Wilsons – HMRC unable to obtain law firm's records

04 February 2019.

In Wilsons Solicitors LLP v HMRC [2018] UKFTT 627 (TC), the First-tier Tribunal (FTT) has held that the obligation to keep records under the Money Laundering Regulations 2007 (MLR) does not make a law firm a relevant data-holder for the purposes of HMRC's data-gathering powers.

Background

Schedule 23, Finance Act 2011 (Schedule 23) enables HMRC to require a relevant data holder to provide it with certain information. 

Paragraph 17,  Schedule 23, provides that relevant data holders include those who maintain a "register" and defines register as including "any record or list that any other person is required or permitted to maintain". 

HMRC's view was that as solicitors are under a duty to keep records under the MLR, they maintain a register, for the purposes of paragraph 17, Schedule 23.   

HMRC required certain information from Wilsons Solicitors LLP (Wilsons), which related to its clients who sought advice in relation to offshore structures. HMRC issued a notice to Wilsons under paragraph 1, Schedule 23 (the Notice), requesting details of beneficial owners of offshore companies and persons who had beneficial interests in offshore partnerships.

Wilsons appealed the Notice. 

FTT decision

The appeal was allowed. 

The issue for the FTT to determine was whether the requirement under the MLR for Wilsons to keep copies of documents in relation to the identity of its clients and evidencing the purpose and nature of the business relationship meant that Wilsons was a relevant data holder for the purposes of Schedule 23.

The appeal turned on whether Wilsons was a person by whom a "register" was maintained. 

The FTT disagreed with HMRC's submission that the singular term "register" equates to the plural term "records". A person who keeps records is not a relevant data-holder unless each record is an individual register. In the view of the FTT, records kept in accordance with the MLR were not individual registers because they were not "maintained", which the FTT considered meant kept up-to-date and altered over time. Records kept under the MLR were required to be preserved unaltered, with further records potentially added.

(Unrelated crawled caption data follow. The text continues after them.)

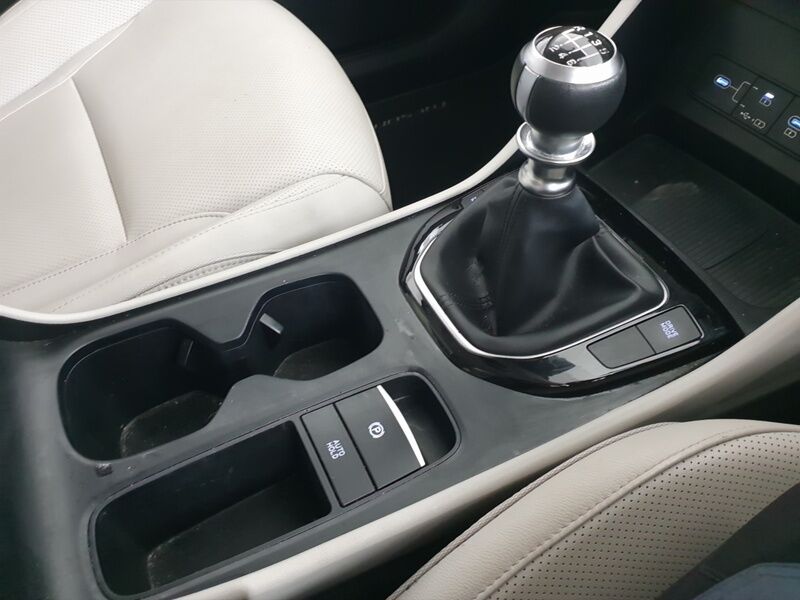 More views of Hyundai Tucson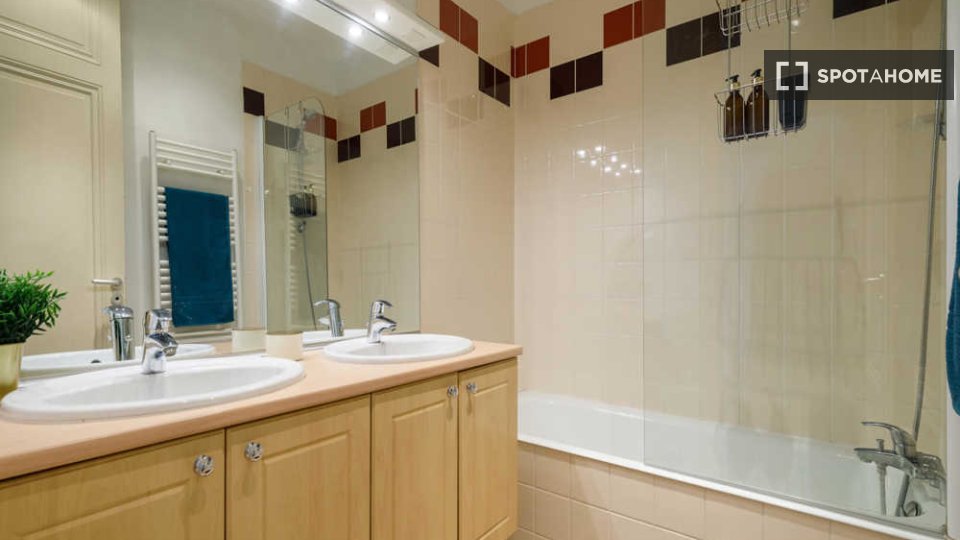 Double room Lyon, 4 beds, 120m² — photo 1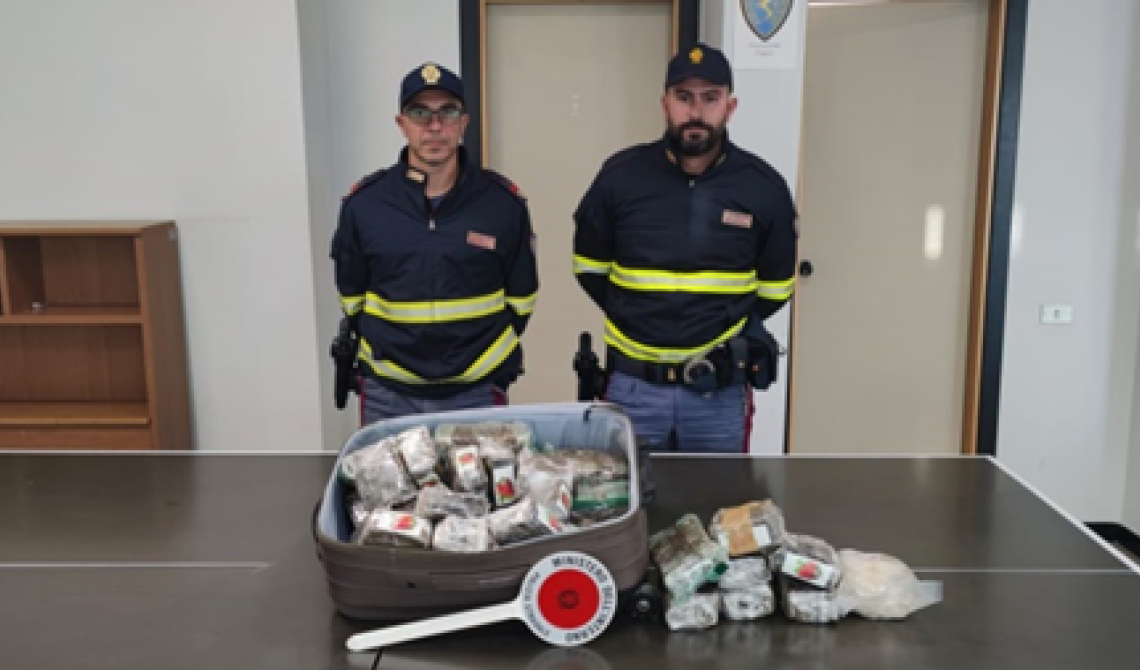 A spasso con 25 chi di droga, la Polizia di Foggia arresta un uomo di 71 anni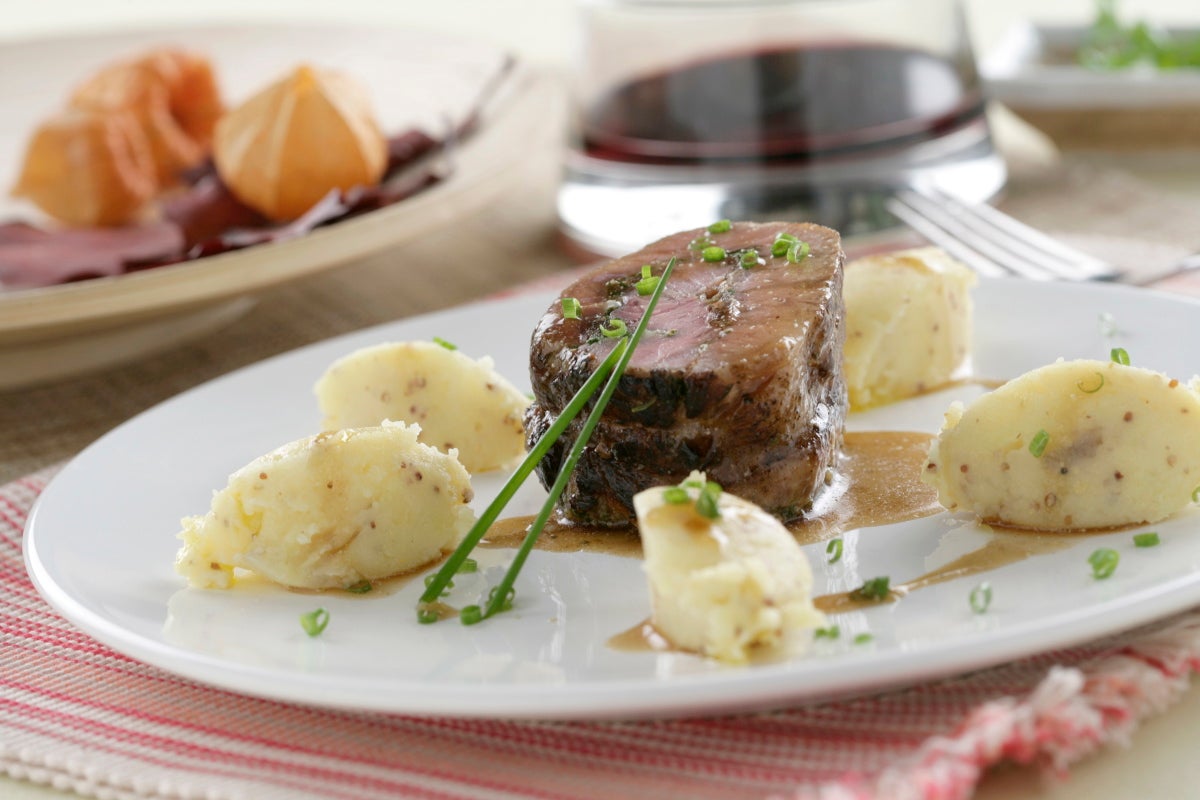 Lomo relleno de dátiles y puré de patatas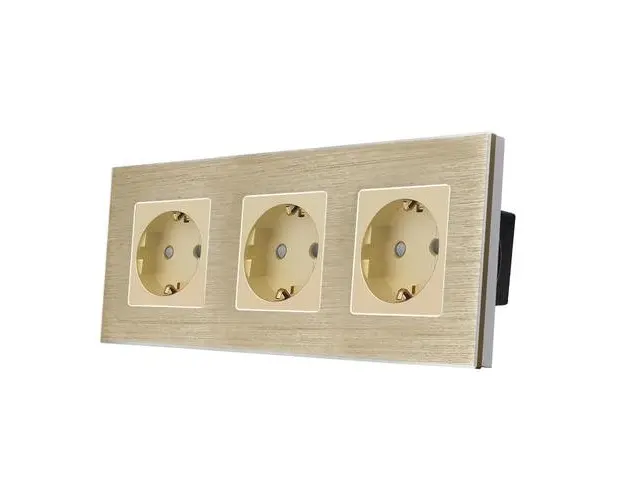 Priza Tripla LUXION cu rama din aluminiu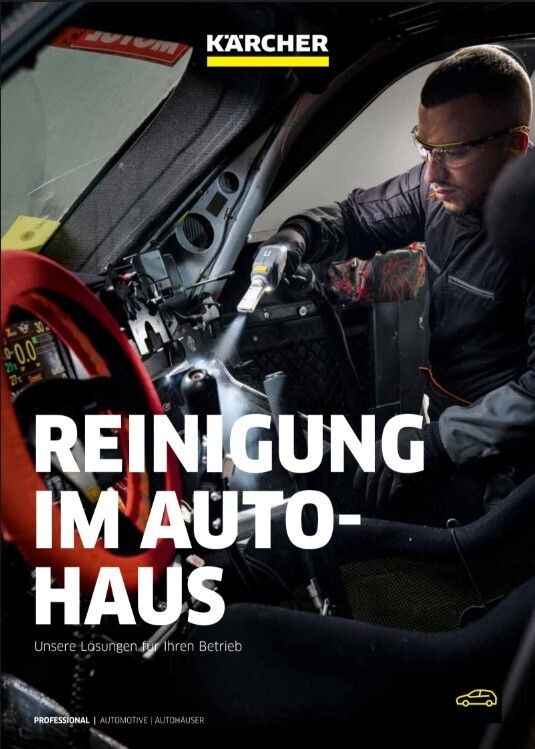  Dieses Kärcher-Titelbild zeigt eine Person, die in der Kabine eines Sport- oder Rennwagens mit einem Reinigungsgerät arbeitet. Die Person trägt Schutzbrille und Arbeitskleidung und konzentriert sich auf die Reinigung des Innenraums, wobei ein feiner Sprü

Accordingly, the FTT concluded that the MLR does not require law firms to maintain a register and they are not therefore a relevant data holder for the purposes of Schedule 23. 

Comment 

This decision is to be welcomed. Had the FTT agreed with HMRC, all law firms would be relevant data holders and liable to receive notices under Schedule 23. HMRC had issued ten law firms with 'test' notices, with the intention of issuing similar notices to other law firms. Presumably, following this decision, all such notices will be withdrawn.